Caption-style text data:
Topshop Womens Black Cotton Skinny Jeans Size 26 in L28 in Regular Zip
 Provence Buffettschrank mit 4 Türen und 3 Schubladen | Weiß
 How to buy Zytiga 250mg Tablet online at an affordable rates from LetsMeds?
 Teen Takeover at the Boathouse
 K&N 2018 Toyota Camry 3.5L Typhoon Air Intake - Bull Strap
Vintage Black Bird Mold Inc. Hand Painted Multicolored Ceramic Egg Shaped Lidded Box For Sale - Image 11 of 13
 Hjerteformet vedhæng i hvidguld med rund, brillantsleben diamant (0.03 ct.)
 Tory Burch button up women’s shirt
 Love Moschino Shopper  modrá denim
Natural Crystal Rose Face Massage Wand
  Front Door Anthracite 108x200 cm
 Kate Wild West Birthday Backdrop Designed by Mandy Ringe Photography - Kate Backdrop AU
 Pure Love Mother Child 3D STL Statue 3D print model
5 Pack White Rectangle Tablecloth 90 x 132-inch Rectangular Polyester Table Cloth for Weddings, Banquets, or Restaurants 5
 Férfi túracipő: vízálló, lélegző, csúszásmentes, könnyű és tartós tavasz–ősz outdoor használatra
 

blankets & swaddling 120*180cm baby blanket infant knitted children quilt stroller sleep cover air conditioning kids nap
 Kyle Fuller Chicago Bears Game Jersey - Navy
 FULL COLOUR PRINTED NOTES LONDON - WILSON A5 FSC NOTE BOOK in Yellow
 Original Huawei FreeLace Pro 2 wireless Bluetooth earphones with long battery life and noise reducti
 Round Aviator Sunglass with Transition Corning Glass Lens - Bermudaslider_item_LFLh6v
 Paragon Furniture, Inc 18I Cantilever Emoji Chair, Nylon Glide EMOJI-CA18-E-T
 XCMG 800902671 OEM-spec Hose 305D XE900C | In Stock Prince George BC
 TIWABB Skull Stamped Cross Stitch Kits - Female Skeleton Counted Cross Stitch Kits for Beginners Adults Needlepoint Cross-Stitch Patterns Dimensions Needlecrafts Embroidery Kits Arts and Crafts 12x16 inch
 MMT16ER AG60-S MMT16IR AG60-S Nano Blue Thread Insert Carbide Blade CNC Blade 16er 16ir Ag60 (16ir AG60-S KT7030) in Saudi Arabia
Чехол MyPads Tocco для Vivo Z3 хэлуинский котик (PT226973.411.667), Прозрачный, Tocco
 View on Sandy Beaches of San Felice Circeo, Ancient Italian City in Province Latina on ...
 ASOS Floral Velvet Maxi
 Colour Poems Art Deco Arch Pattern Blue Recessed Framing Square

• _The problem_
Return every entry exactly.

• _Finished task_
Topshop Womens Black Cotton Skinny Jeans Size 26 in L28 in Regular Zip
 Provence Buffettschrank mit 4 Türen und 3 Schubladen | Weiß
 How to buy Zytiga 250mg Tablet online at an affordable rates from LetsMeds?
 Teen Takeover at the Boathouse
 K&N 2018 Toyota Camry 3.5L Typhoon Air Intake - Bull Strap
Vintage Black Bird Mold Inc. Hand Painted Multicolored Ceramic Egg Shaped Lidded Box For Sale - Image 11 of 13
 Hjerteformet vedhæng i hvidguld med rund, brillantsleben diamant (0.03 ct.)
 Tory Burch button up women’s shirt
 Love Moschino Shopper  modrá denim
Natural Crystal Rose Face Massage Wand
  Front Door Anthracite 108x200 cm
 Kate Wild West Birthday Backdrop Designed by Mandy Ringe Photography - Kate Backdrop AU
 Pure Love Mother Child 3D STL Statue 3D print model
5 Pack White Rectangle Tablecloth 90 x 132-inch Rectangular Polyester Table Cloth for Weddings, Banquets, or Restaurants 5
 Férfi túracipő: vízálló, lélegző, csúszásmentes, könnyű és tartós tavasz–ősz outdoor használatra
 

blankets & swaddling 120*180cm baby blanket infant knitted children quilt stroller sleep cover air conditioning kids nap
 Kyle Fuller Chicago Bears Game Jersey - Navy
 FULL COLOUR PRINTED NOTES LONDON - WILSON A5 FSC NOTE BOOK in Yellow
 Original Huawei FreeLace Pro 2 wireless Bluetooth earphones with long battery life and noise reducti
 Round Aviator Sunglass with Transition Corning Glass Lens - Bermudaslider_item_LFLh6v
 Paragon Furniture, Inc 18I Cantilever Emoji Chair, Nylon Glide EMOJI-CA18-E-T
 XCMG 800902671 OEM-spec Hose 305D XE900C | In Stock Prince George BC
 TIWABB Skull Stamped Cross Stitch Kits - Female Skeleton Counted Cross Stitch Kits for Beginners Adults Needlepoint Cross-Stitch Patterns Dimensions Needlecrafts Embroidery Kits Arts and Crafts 12x16 inch
 MMT16ER AG60-S MMT16IR AG60-S Nano Blue Thread Insert Carbide Blade CNC Blade 16er 16ir Ag60 (16ir AG60-S KT7030) in Saudi Arabia
Чехол MyPads Tocco для Vivo Z3 хэлуинский котик (PT226973.411.667), Прозрачный, Tocco
 View on Sandy Beaches of San Felice Circeo, Ancient Italian City in Province Latina on ...
 ASOS Floral Velvet Maxi
 Colour Poems Art Deco Arch Pattern Blue Recessed Framing Square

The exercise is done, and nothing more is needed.